El blog literario latinoamericano

martes, 3 de mayo de 2016

 Blog de Félix de Azúa

Viral

Hacia 1970 hubo incidentes curiosos que quedaron oscurecidos por la resaca de mayo de 1968. Uno de ellos es que nos volvimos todos maoístas. En uno de los episodios más grotescos de la historia europea, los mandarines franceses (Foucault, Barthes, Godard, Sartre y Malraux, por ejemplo) descubrieron el genio político de Mao Tse Tung (hoy se escribe Mao Zedong, pero no es lo mismo) y cayeron rendidos de admiración ante el siniestro tirano de la Revolución Cultural. En vista de lo que pasaba en París, los pobres españoles nos hicimos maoístas a toda prisa, no fuera alguien a tomarnos por fachas.

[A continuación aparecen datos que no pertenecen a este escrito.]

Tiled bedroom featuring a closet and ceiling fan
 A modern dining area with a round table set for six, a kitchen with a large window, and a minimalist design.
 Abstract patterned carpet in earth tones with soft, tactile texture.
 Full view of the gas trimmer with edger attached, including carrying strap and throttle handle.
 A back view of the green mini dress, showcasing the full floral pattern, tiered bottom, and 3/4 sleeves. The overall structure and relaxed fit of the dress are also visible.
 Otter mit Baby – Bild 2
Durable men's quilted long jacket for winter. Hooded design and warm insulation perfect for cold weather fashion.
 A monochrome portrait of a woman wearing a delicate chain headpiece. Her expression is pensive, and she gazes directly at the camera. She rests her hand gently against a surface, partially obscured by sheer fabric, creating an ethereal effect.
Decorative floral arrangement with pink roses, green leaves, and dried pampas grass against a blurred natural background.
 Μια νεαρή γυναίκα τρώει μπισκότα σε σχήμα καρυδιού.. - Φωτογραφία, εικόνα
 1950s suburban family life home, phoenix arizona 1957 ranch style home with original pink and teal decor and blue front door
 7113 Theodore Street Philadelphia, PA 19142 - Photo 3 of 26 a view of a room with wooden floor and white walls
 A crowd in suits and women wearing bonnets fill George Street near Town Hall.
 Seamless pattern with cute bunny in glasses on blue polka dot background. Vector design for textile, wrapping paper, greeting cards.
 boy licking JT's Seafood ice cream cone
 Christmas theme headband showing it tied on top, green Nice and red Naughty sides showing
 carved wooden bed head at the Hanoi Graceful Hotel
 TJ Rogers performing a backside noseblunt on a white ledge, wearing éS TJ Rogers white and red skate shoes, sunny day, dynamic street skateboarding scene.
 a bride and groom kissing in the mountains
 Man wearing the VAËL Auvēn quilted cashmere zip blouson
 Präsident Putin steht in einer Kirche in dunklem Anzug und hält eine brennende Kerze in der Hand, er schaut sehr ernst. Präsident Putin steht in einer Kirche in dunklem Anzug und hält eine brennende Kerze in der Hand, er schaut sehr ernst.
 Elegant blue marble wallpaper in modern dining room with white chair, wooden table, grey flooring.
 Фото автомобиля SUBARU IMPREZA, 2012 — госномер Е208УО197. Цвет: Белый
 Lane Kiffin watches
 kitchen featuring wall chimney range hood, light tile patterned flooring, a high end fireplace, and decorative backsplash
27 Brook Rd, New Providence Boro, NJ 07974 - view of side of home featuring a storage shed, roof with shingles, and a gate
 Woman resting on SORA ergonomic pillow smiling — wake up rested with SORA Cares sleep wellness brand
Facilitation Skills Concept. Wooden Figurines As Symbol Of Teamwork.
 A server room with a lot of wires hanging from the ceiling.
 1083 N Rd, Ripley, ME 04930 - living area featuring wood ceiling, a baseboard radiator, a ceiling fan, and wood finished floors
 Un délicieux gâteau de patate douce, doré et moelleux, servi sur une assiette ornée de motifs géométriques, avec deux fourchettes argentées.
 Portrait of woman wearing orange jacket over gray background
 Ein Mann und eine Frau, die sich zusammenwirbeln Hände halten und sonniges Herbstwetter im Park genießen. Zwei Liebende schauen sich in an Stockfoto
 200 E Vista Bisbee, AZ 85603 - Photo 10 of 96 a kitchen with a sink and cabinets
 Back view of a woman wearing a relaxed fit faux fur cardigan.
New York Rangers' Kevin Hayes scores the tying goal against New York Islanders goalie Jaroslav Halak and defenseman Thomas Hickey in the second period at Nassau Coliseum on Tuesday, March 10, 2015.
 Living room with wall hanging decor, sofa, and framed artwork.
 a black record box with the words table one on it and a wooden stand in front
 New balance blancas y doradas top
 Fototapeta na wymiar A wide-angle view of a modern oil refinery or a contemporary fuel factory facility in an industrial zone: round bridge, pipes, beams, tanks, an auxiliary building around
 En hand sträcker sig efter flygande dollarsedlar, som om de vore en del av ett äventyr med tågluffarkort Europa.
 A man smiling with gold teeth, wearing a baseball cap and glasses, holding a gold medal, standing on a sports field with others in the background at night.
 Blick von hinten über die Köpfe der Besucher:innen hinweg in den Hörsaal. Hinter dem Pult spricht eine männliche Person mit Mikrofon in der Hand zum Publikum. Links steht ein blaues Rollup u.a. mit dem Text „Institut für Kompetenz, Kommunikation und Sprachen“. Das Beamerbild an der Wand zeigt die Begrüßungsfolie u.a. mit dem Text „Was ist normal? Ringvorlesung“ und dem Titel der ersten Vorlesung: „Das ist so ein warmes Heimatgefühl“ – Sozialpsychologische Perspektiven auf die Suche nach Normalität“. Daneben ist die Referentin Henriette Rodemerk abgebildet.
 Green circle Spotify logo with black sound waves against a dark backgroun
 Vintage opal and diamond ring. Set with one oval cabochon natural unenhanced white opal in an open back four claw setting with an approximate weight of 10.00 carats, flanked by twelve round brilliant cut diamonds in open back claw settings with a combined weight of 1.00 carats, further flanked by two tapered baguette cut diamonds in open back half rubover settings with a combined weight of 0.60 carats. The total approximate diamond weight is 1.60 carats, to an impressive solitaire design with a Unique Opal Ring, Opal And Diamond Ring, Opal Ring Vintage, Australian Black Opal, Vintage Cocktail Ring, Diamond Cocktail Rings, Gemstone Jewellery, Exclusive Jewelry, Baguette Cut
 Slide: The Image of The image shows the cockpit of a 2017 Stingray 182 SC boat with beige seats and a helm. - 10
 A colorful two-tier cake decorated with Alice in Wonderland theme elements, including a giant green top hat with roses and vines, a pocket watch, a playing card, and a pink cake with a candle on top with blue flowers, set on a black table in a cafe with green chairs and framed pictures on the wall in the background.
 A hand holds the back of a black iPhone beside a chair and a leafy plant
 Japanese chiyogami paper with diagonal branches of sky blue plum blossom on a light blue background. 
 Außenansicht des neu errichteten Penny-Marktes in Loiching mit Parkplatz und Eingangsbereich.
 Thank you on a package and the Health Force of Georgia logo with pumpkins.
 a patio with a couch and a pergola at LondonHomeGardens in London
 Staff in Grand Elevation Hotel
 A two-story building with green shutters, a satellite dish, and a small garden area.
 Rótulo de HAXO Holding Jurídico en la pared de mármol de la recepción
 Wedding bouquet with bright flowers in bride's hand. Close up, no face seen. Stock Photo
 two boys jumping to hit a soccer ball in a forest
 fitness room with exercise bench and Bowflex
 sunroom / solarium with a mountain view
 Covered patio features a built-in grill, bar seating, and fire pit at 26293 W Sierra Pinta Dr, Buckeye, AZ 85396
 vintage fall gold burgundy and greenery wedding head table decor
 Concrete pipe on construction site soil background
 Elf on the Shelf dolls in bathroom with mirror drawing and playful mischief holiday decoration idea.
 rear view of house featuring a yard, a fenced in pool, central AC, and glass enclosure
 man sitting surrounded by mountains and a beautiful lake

Digo todos, pero uno no cayó. Simon Leys, sinólogo riguroso e intelectual intachable, escribió un libro severo, Los trajes nuevos del camarada Mao, en el que demolía a los maoístas con los 45 millones de muertos sólo entre 1958 y 1961 y los asesinatos "culturales" que él había vivido en directo durante sus años chinos. El periodista de la BBC Henri Astier asegura que Leys no podía ni siquiera argumentar con los maoístas: "Son demasiado idiotas", decía. Y en efecto, recordando nuestro propio maoísmo, tenía más razón que un santo.

Es un misterio, pero a veces las sociedades se ven atacadas por el virus de una chifladura mística, el cual se propaga como la peste. Nadie ha podido explicar aquella majadería del maoísmo (en ella sigue Badiou, pobrecillo) como no sea exclusivamente bajo la forma de una plaga voraz que infectó cerebros, cátedras, editoriales y diarios sin que nadie sepa su origen o causa.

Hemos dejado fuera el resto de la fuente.